*** Block opens ***
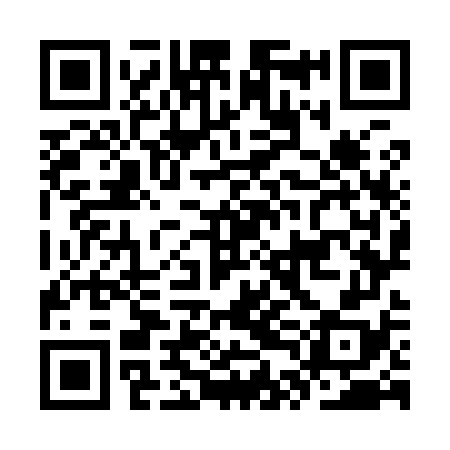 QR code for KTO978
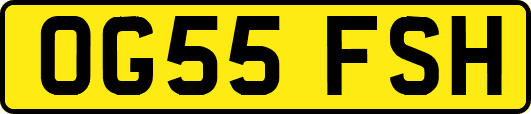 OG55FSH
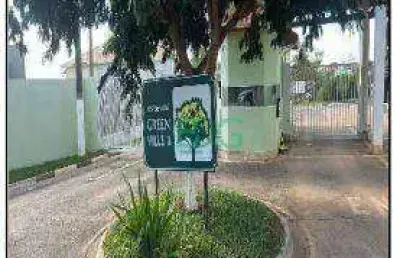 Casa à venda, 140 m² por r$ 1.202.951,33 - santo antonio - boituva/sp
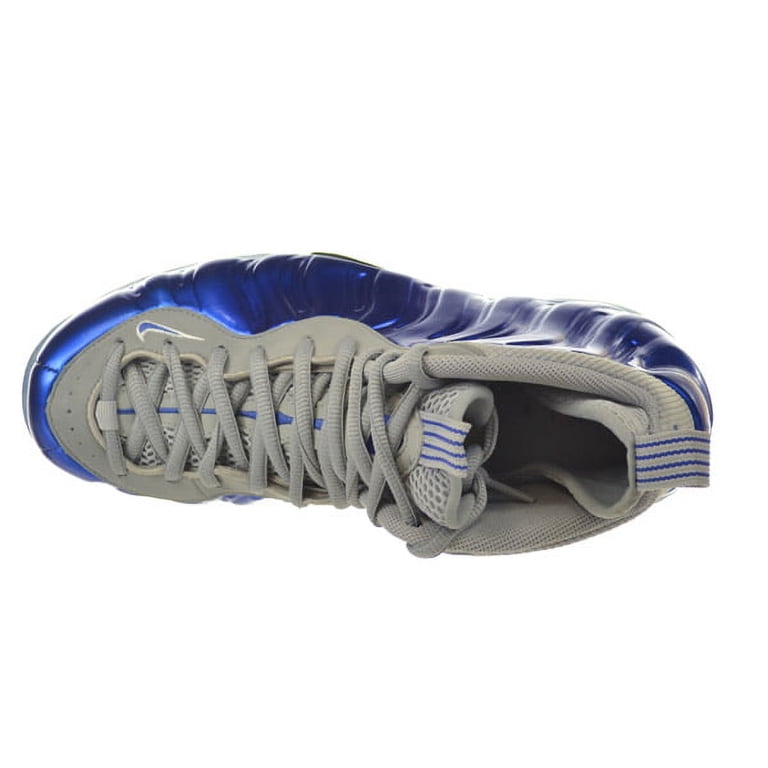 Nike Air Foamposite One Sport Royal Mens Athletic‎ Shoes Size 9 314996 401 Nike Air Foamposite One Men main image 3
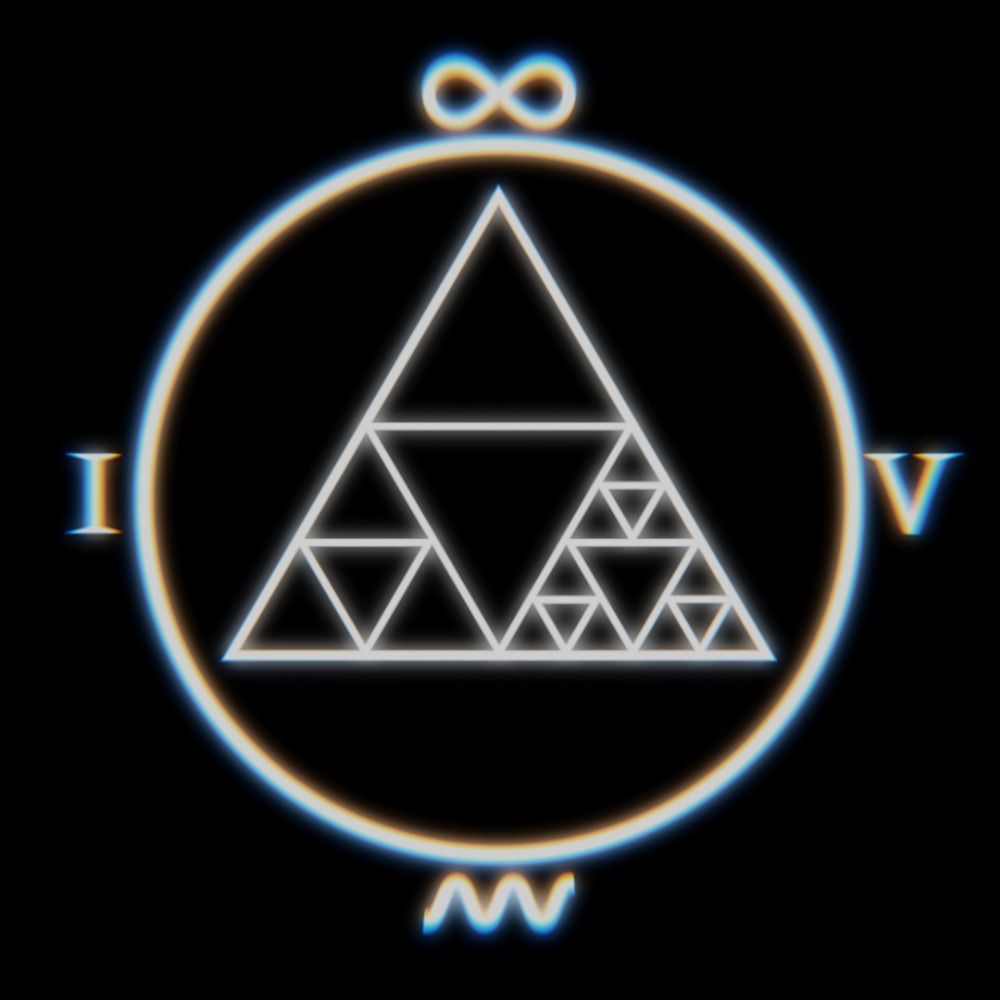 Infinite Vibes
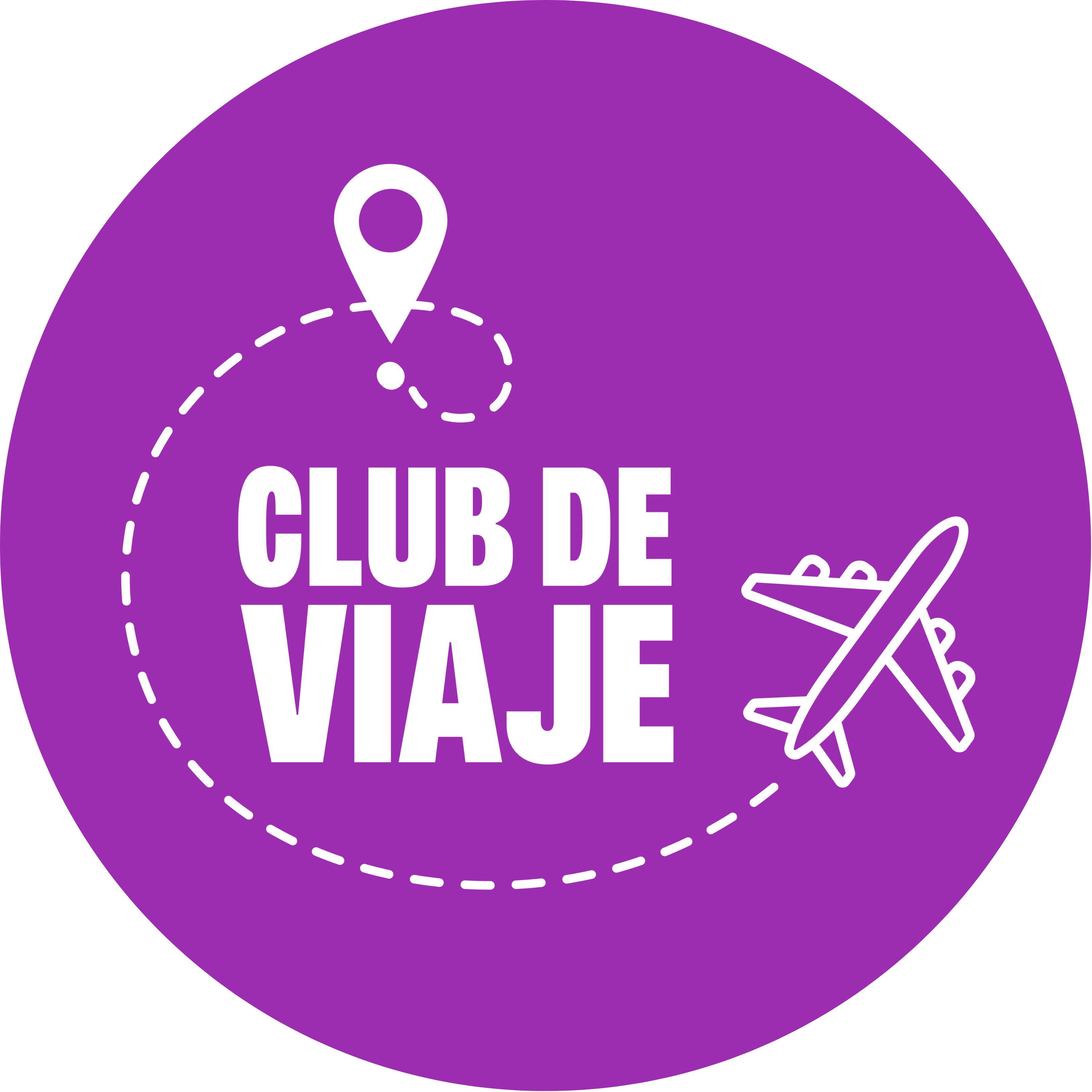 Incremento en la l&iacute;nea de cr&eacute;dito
*** Block closes ***
*** Block opens ***
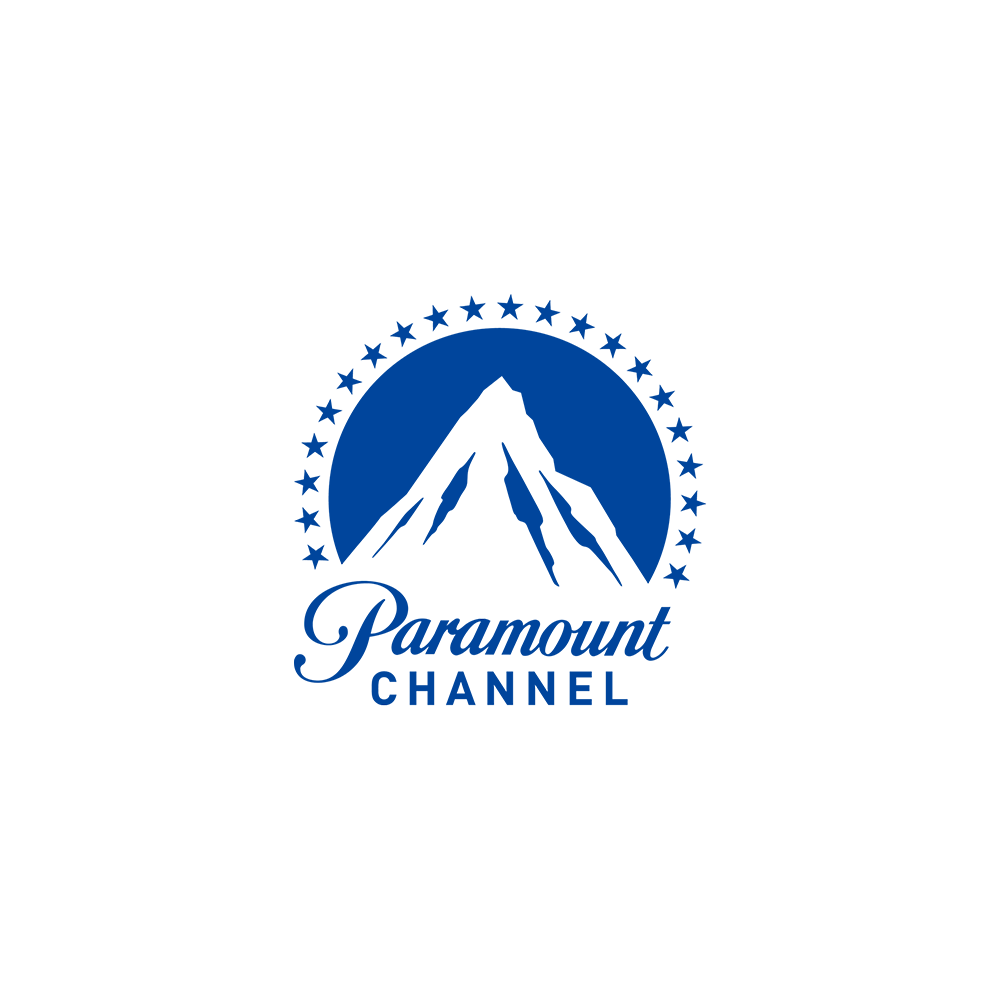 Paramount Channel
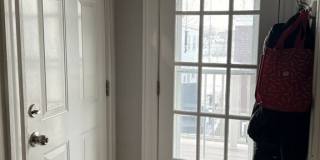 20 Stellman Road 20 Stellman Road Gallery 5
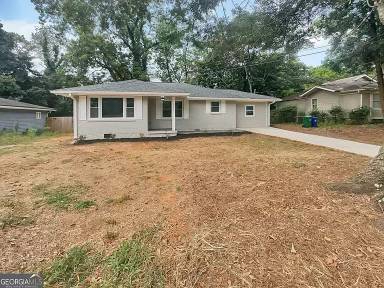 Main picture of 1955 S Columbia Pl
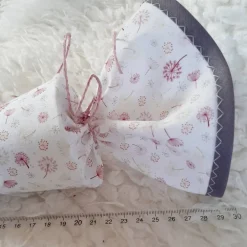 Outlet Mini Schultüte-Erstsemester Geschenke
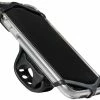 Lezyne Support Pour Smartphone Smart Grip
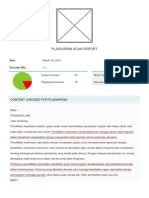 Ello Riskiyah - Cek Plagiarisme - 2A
*** Block closes ***
_WHAT YOU NEED TO DO:_ Each line above that falls between the line with "Nike Air Foamposite One Sport" and the line with "Incremento en la" should be printed exactly, together with those two lines, but the pictures should not.

_REPLY TO THE TASK:_
 Nike Air Foamposite One Sport Royal Mens Athletic‎ Shoes Size 9 314996 401 Nike Air Foamposite One Men main image 3
 Infinite Vibes
 Incremento en la l&iacute;nea de cr&eacute;dito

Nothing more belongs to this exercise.